| name | daedalus |
| description | Autonomous environment debugger and benchmarker for AI-augmented dev setups. Trigger this skill when asked to debug, benchmark, stress-test, or audit any development environment. Trigger phrases: "test my setup", "why is my MCP server broken", "benchmark my GPU", "debug my VSCode agent", "stress test my tools", "something is slow", "find bottlenecks", "audit my environment", "test if Claude/Gemini/local model is working", "pre-flight check", "run diagnostics", "health check", or any request to generate a diagnostic or health report.
This skill triggers the daedalus.agent.md agent definition.

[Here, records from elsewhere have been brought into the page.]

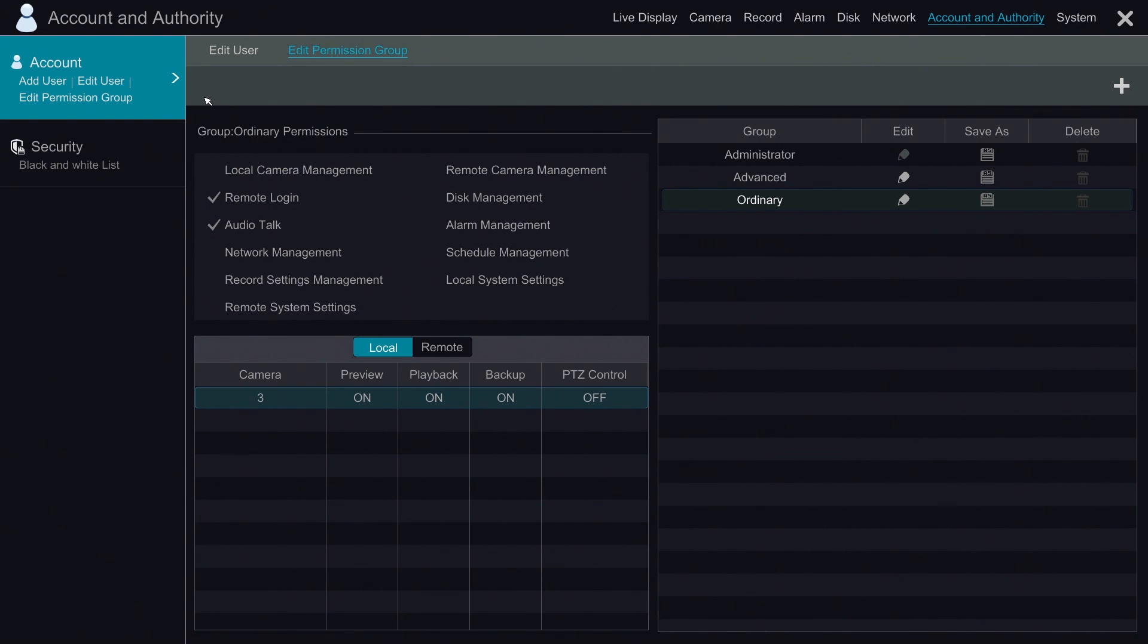This video was on account creation and modifying permission groups for the Titanium Series DVRs. Thank you for watching.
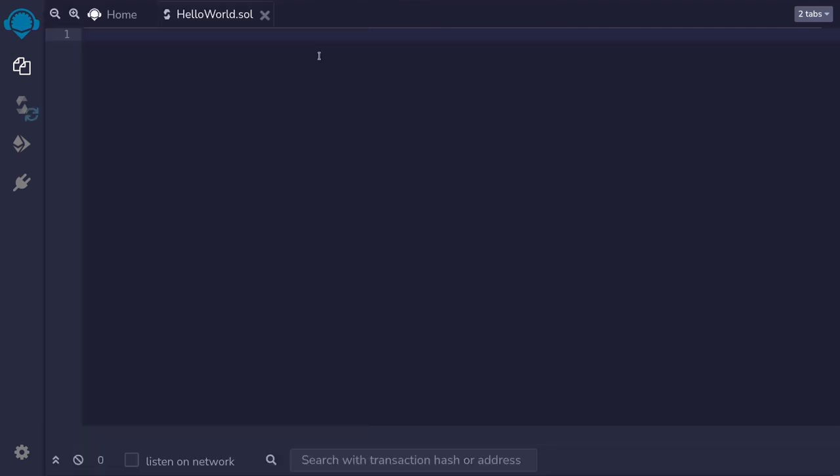On the first line, we put the license of the code. I'm just going to copy paste the MIT license. Now your code will compile with other licenses, but if you don't put a license, when you compile a contract, it will give out warnings. We'd rather not see warnings from the compiler, so I'll just put a MIT license here.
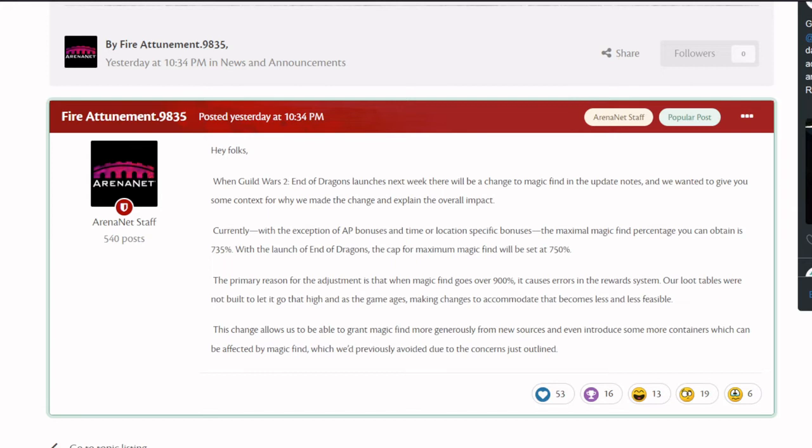The primary reason for the adjustment is that when magic find goes over 900%, it causes errors in the reward system. Our loot tables were not built to let it go that high, and as the game ages, making changes to accommodate that becomes less and less feasible.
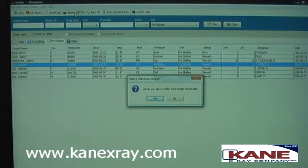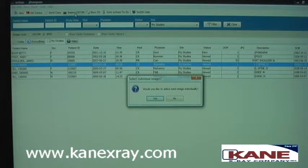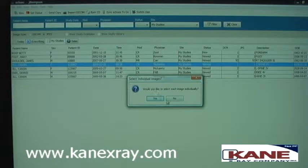The system will prompt you if you'd like to import each image individually. The answer for this is usually no, since you want to import all of the images in that study.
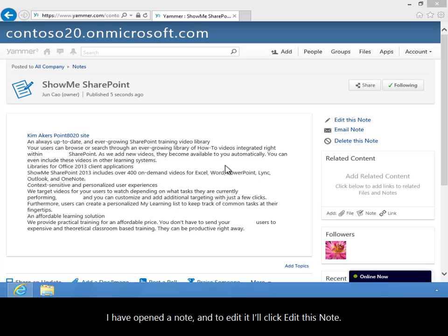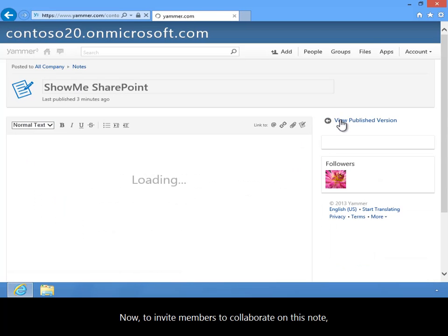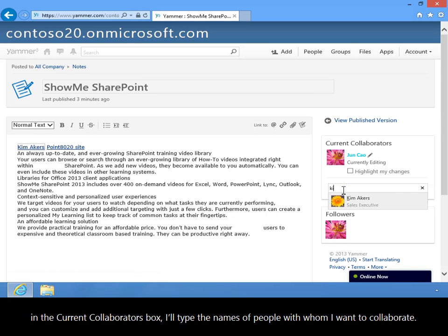I've opened a note, and to edit it, I'll click Edit this note. Now, to invite members to collaborate on this note, in the Current Collaborators box, I'll type the names of people with whom I want to collaborate.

See that file for the full execution protocol, phase descriptions, and BrowseComp reasoning pattern. The agent is SELF-AWARE: it detects its own runtime context (IDE, model, OS, hardware) before testing anything external.
|
Daedalus — Skill Entry Point
This SKILL.md is the legacy trigger entry point for the Daedalus environment
debugger. The full agent definition lives in daedalus.agent.md in this
same directory.
Quick Reference
Full diagnostic:
@daedalus Run a full diagnostic and give me report.html
Targeted:
@daedalus Debug my github MCP server
@daedalus Pre-flight check before coding session
@daedalus My GPU is slow — find the bottleneck
@daedalus Compare today's environment with ./session-old.json
Phases
| Phase | Tool | What |
|---|
| 0 | debug_detect_environment | IDE, model, OS, shell, extensions |
| 1 | debug_probe_hardware + stress | CPU/RAM/GPU/disk benchmarks |
| 2 | debug_test_all_mcp_servers | Connection + all tools per server |
| 3 | debug_probe_network | Latency to Anthropic/OpenAI/etc. |
| 4 | debug_record_model_benchmark | Self-measured latency + capabilities |
| 5 | debug_scan_issues | Classify + score (0–100) |
| 6 | debug_generate_report | Write self-contained report.html |
Output
Always produces report.html — self-contained, no external CDN.
Health score: 100 − (CRITICAL×20) − (HIGH×10) − (MEDIUM×5) − (LOW×1).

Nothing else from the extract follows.